Marvel Super-Search

01 Jun 2016

Last December I discovered that Marvel had an API. Yes, that's right, Marvel, the publisher of all the comics I used to read. I'm a developer, but I'm also an avid consumer of APIs and love to build things with all the available data.

Since I joined Algolia, I'm always looking for nice datasets to build demos with, and to battle test our instantsearch.js library. While Algolia lets you search in any kind of data (as long as you can convert it to JSON), fiddling with a dataset full of superheroes is way funnier than any other dataset.

You can see the full demo here

So I started registering to the Marvel developer program to get an API key and started pulling some data. Or actually that was my original plan, but the developer website was buggy at that time and I could not register at all.

At first I was disappointed because I really wanted to index all these characters and superpowers, but I wasn't going to let that bring me down. I started rolling up my sleeves and went on the hunt for another interesting source of data.

Wikipedia

I obviously quickly ended up on the Wikipedia, where I could find a serie of pages listing all the heroes and villains of the Marvel universe (or actually, universes). I wrote a small node script using x-ray to get the list of names and matching urls and saved it on my disk.

import xray from 'x-ray';
let x = xray();

const targetUrl = 'https://en.wikipedia.org/wiki/Category:Marvel_Comics_superheroes';
const selector = '#mw-pages .mw-category-group li a@href';

x(targetUrl, selector)((urlList) => {
  // urlList is an array of all `href` values
});

Then my journey of extracting data from the Wikipedia begun.

As I said, I love APIs. And the Wikipedia being the huge project that it is, I was sure that they had an API to get clean data from each page. They do have an API for sure, but it only returns the raw dump of the page, including a mix of HTML and custom Wikipedia markup. This is not formatted at all, so was of no use to me.

Wikipedia API example

Example taken from here

DBPedia

I kept searching and found the DBPedia, which is an unofficial project of creating an API of structured data on top of the original API. The people in this project did an Herculean job of converting the raw markup of my previous example into nice looking JSON responses.

{
  "abstract": [
    {
      "lang": "en",
      "value": "Hercules is a fictional superhero appearing in […]"
    }
  ],
  "aliases": [
   {
     "lang": "en",
     "value": "The Prince of Power, The Lion of Olympus, Harry Cleese, Victor Tegler"
   }
  ]
}

Taken from here

Unfortunately, the DBPedia is not dynamic, and all the data returned by the API is frozen in time. Frozen on August 2015 to be exact. It means that all recent development in the Marvel universe where no taken into account. And worse than that, some really popular characters did not even had any data attached to them.

Infoboxes

That's about that time that I realized that the only information that I actually needed was the one displayed in the infobox.

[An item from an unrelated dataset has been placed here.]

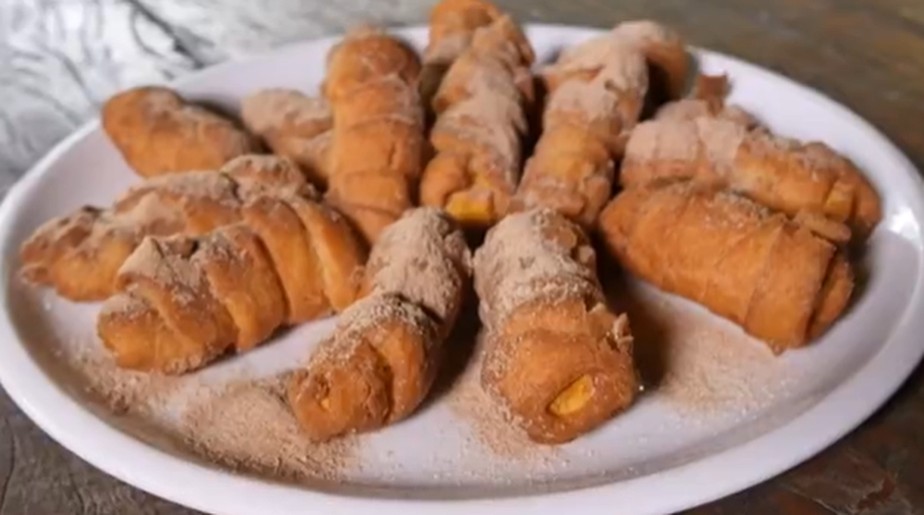 Caminho Do Campo Receitas Bolinho De Chuva Com Vinagre Banana Empanada Com Acucar E Canela Aprenda O Passo A Passo Receitas Paranaenses Gshow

The infobox is this little white box on the right side of any Wikipedia page that displays an overview of the most important facts of the page. In my case it was the name of the character, its potential aliases, powers, known teams and authors.

Infobox example

I did not really care about the rest of the page. What I had in mind for my demo would be a simple way to search through all characters and filter them based on exactly those criteria (power, teams, authors) and being able to find them with any of their aliases. So I needed a way to extract content from the infobox.

Fortunately, I started this project in node. And node comes with npm, where there is a module for anything. I quickly found wiki-infobox that let me extract a mostly structured representation of the data in the infobox, by just feeding it the name of the page.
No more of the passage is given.